The Mamba* (Modelling and Analysis for Medical and Biological Applications) joint project-team brings together researchers who aim at combining the most rigorous mathematical theory possible and numerous collaborations with biologists and physicians on practical questions. Marie Doumic, head of the project team, says :
We believe that this is the best way to study theoretical problems of proven relevance in biology, and thus contribute to the advancement of both sciences.
In collaboration with other research teams, Mamba develops methods to optimize drug therapies for cancer, and also to model healthy or pathological tissue growth, i.e. under normal or damaged control, in multi-scale systems.
What are the practical applications of Mamba's research?
Cell movement and the growth of cell populations is a central theme of Mamba which has multiple applications: growth of bacteria or cancer, physiological control or reaction of cells under stress or drug action.
Another important area of application is protein aggregation, which occurs in so-called "amyloid" diseases (a group of diseases including Alzheimer's, Parkinson's, Creuzfeldt-Jakob or Huntington's disease).
The team is also interested in regenerative medicine, in particular Dirk Drasdo and his group around the regeneration of the liver after surgery or following drug-induced damage.
Another research theme of the team, which is in full expansion, concerns mathematical epidemiology. Initially motivated by the control of dengue fever by different strategies concerning mosquito vectors, the subject has broadened as several members of the team have become involved in the modeling and control of the Covid-19 pandemic.
Mathematical models for in silico computer experiments
The study of biological systems is particularly difficult due to the presence of numerous agents, interactions, and different levels of organization (molecular, organism, community scale). In order to identify the main actors of an observable phenomenon (e.g. the growth of a tumor population in the presence of a cytotoxic drug), the team seeks to develop in silico environments, using mathematical models involving a reduced number of agents and interactions. Their studies therefore involve the equation of systems, the simulation and analysis of the proposed mathematical models, and their confrontation with experimental data. Diane Peurichard, a researcher in the project team, highlights the challenges:
Models validated on the data can also have a predictive character, making it possible to perform in silico experiments on a computer, which are more manageable than in vitro or in vivo experiments requiring an experimental framework that is costly in terms of material and time.
Understanding and predicting the formation of cancer cells
Diane also outlines the team's research:
We are currently working on two axes related to cancer, with the goal of understanding and identifying the biological mechanisms primarily responsible for tumor growth and the development of resistance to treatment.
Luis Almeida and Diane Peurichard work more specifically on two types of cancer. They are involved in the national HTE Moglimaging program (ending March 2021) on the study of Glioblastoma (GBM), the most aggressive brain tumor. The purpose of this project is to study tumor heterogeneity and the capacity for resistance to treatment, with the ultimate goal of predicting the patient's response to the various treatments administered. They are working more specifically in collaboration with François Vallette's team from the Cancer Research Center, University of Nantes, who performs the in vitro experiments and provides the experimental data.
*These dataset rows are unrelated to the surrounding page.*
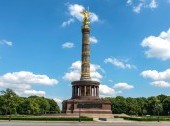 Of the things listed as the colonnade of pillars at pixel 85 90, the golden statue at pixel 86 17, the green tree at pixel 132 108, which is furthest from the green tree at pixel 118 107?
the golden statue at pixel 86 17

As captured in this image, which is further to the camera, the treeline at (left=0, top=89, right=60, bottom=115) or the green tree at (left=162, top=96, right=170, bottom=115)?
the green tree at (left=162, top=96, right=170, bottom=115)

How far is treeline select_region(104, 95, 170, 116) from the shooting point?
380ft

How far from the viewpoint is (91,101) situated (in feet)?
254

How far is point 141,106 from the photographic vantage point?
403ft

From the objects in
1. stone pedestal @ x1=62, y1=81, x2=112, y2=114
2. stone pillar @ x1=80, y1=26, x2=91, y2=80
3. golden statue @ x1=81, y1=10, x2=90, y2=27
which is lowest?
stone pedestal @ x1=62, y1=81, x2=112, y2=114

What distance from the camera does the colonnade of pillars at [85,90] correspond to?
3184 inches

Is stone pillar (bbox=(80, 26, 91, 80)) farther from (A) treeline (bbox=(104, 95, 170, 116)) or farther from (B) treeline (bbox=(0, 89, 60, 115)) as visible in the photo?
(A) treeline (bbox=(104, 95, 170, 116))

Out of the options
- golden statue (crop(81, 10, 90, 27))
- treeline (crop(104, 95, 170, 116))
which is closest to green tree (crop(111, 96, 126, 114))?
treeline (crop(104, 95, 170, 116))

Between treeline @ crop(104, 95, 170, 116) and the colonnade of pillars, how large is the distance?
37.1m

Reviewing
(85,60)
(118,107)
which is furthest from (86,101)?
(118,107)

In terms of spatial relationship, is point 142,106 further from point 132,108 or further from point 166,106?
point 166,106

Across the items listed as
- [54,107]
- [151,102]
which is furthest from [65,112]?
[54,107]

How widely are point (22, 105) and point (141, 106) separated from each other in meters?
41.5

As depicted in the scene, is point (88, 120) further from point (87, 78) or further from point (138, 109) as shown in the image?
point (138, 109) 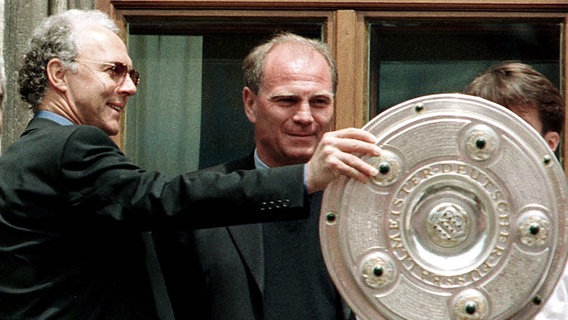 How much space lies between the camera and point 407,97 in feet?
16.5

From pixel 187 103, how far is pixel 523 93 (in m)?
1.58

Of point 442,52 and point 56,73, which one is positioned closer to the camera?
point 56,73

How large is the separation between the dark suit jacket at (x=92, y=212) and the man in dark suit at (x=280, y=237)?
0.35m

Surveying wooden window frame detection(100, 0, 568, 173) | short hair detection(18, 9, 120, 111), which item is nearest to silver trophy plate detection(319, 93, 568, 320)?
short hair detection(18, 9, 120, 111)

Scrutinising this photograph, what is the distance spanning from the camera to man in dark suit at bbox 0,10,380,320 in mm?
3143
Their research axis within this global project aims at developing mathematical models of EDP type (Equations with Partial Derivatives), allowing to identify the main mechanisms involved in the formation of cancerous cell structures, their maintenance, and their response to external stresses (treatment).
In the framework of Gissell Estrada Rodriguez's post-doctorate, they developed a simple model to qualitatively reproduce the early stages of development of GBM grown in vitro. The results of this model suggest a new mechanism of response of GBM cells to a mechano-transduction treatment (mechanism by which cells convert the mechanical stimulus into electrochemical activity), and open the way to new experimental explorations.
If experimentally validated, this mechanism could considerably contribute to the understanding of the spatial self-organization of GBM and present interesting therapeutic perspectives.
Identifying resistance mechanisms in melanoma
Their second line of research on cancer focuses on identifying the mechanisms for the acquisition of persistence and resistance to treatment in melanoma (malignant skin tumor). In collaboration with Shensi Shen (Gustave Roussy Cancer Research Institute), they are developing an agent-centric model to describe the translation mechanisms of proteins involved in the development of persistence and resistance to treatment.
By confrontation with in vitro and in vivo experimental data, we are seeking to develop a model that accounts for the different cell phenotypes** observed (proliferative, quiescent, resistant cells), through simple intracellular mechanisms, in the hope of identifying new therapeutic targets.
Inria and the Gustave Roussy Institute: a close collaboration
The Mamba project-team (Inria of Paris) is working in partnership with the Gustave Roussy Institute, the leading cancer research center in Europe, to study the mechanisms of resistance to cancer cell treatments. The collaboration between the two institutes has been strengthened through the creation of a Mission Covid project, ScanCovid IA, with the Opis project-team (Inria de Saclay). The project enables healthcare personnel, through the combined analysis of our health data, to better predict and refine the severity of the virus attack.
* Mamba is a joint project-team of Inria and Sorbonne University
** Phenotype: set of observable traits of an organism.